___ Data for this exercise ___

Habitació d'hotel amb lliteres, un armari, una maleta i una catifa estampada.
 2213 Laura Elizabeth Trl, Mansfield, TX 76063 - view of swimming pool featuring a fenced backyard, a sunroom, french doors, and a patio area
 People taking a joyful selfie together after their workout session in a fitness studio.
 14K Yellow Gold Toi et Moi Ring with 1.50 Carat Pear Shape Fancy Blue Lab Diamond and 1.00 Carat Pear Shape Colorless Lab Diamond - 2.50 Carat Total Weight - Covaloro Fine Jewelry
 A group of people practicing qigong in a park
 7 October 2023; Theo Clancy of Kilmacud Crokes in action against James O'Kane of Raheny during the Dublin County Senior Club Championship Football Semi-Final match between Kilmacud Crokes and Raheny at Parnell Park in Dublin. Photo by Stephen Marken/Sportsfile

___

Exercise aim: Lines from the one holding "A group of people" through the end of the material above should be output exactly, and all others skipped.

Answer space:
 A group of people practicing qigong in a park
 7 October 2023; Theo Clancy of Kilmacud Crokes in action against James O'Kane of Raheny during the Dublin County Senior Club Championship Football Semi-Final match between Kilmacud Crokes and Raheny at Parnell Park in Dublin. Photo by Stephen Marken/Sportsfile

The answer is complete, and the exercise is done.